I guessed at what group would be at the forefront representing them. And to my pleasant surprise, I was wrong.
Associations representing several niches of food processing spoke against the initiative, which was started during the Obama administration and was continued by Scott Gottlieb, who served as President Trump's FDA commissioner until leaving office April 12. But Grocery Manufacturers Association (GMA) was not one of them.
At issue is whether the FDA should recommend maximum sodium levels for specific foods. The purely voluntary guidelines are expected to be published later this year. But Politico, which covers politics and policy in America, reports that trade associations including the American Bakers Association, American Frozen Food Institute, International Dairy Foods Association, North American Meat Institute and SNAC International are trying to stop or water down the initiative.
The associations said they are stepping in because they want FDA’s sodium reduction goals to be “a success.” Right! And I want you to send a check to Food Processing so your business can succeed.
When will they discover the lesson hard-learned by GMA? That fighting the consumer, that anything less than transparency, is a losing game. The previous administration at GMA would have fought the guidelines tooth and nail, claiming they were bad for food companies. To put it another way, that giving consumers what they want is bad business policy. You see the obvious irony there, but they didn't.
On the other hand, the Sustainable Food Policy Alliance, composed of Nestlé, Unilever, Mars Inc. and Danone North America, has come out in favor of the voluntary sodium guidelines. By the way, all those companies quit GMA in the nadir of its dark days.
In addition to the departure of 11 of its largest member companies, those dark days led to the retirement of the longtime CEO and, apparently in a coincidence, the departure of the board's chairman. Geoff Freeman took over as CEO last August and immediately began talking of a new day, a "next chapter," and espousing consumer-friendly initiatives.

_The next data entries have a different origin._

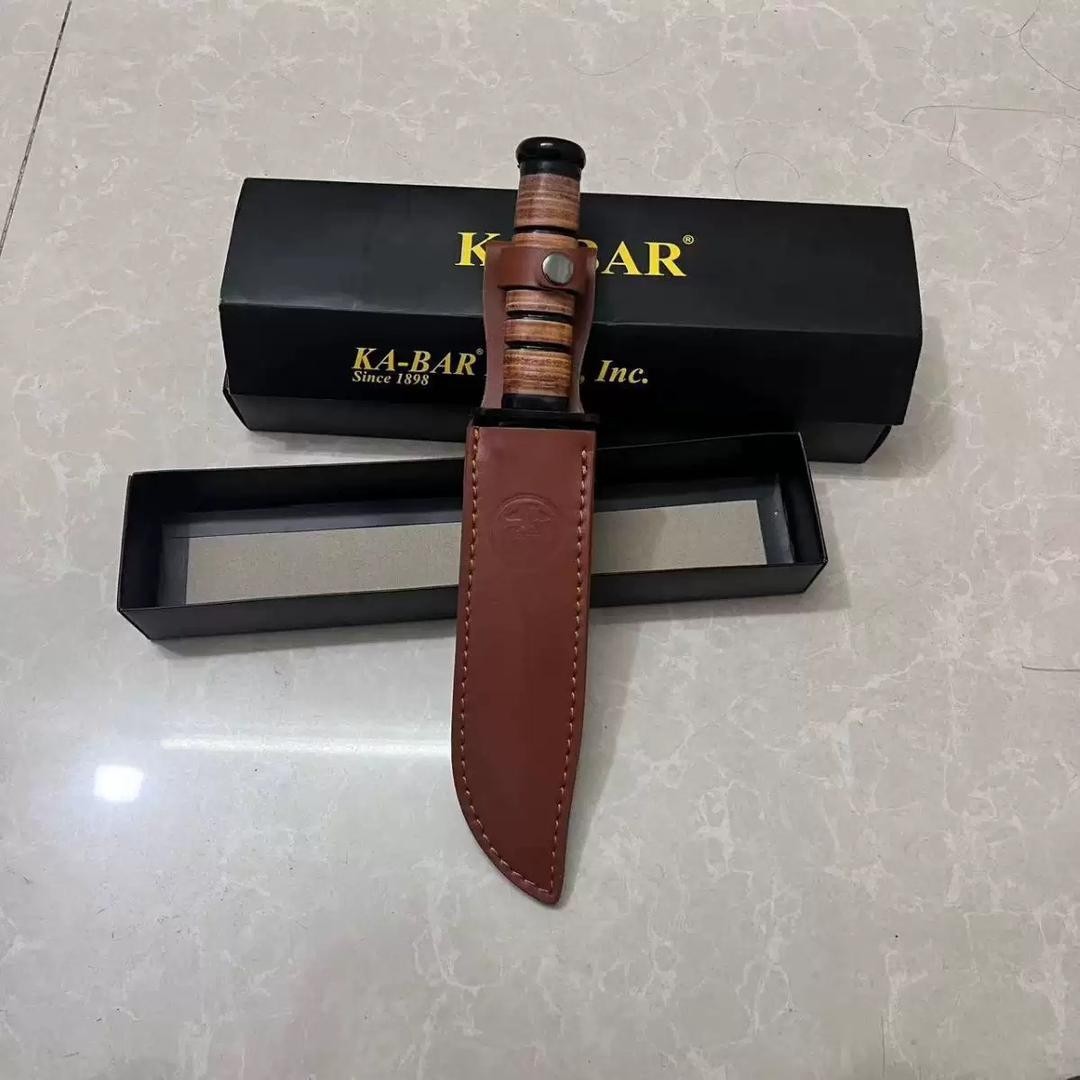 KA-BAR USMC 1217 Straight Edge Fighting Combat Knife Leather Handle & Sheath NEW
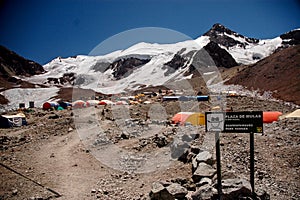 Mulas place in Aconcagua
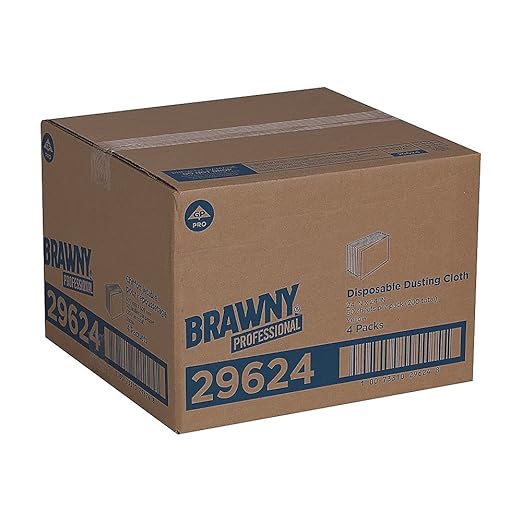 Georgia-Pacific Brawny Yellow Quarter-Fold Disposable Dusting Cloth by GP PRO 24 Length x 24 Width 29624 (Case of 4 Packs 50 Cloths per Pack)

On its home page, the association lists four "strategic priorities." Half of them are "champion smart regulation" and "build trust in consumer packaged goods."
Further back in its website, under News, is this headline: "GMA Urges USDA to Require Disclosure of Refined Ingredients Under Bioengineered Disclosure Standard." This is the same GMA that a court found violated Washington state’s campaign-finance laws by shielding the names of companies that contributed to an $11 million campaign to defeat a 2013 ballot initiative to label foods with genetically engineered ingredients.
Obviously not the same GMA. And that's a good thing.
But even the best-intentioned association executive can get trampled by his board of directors. General Mills' Jeff Harmening was just elected GMA chairman in May. I've met him a couple of times, and he seems like a good guy. I hope he supports Freeman in turning around this valuable institution.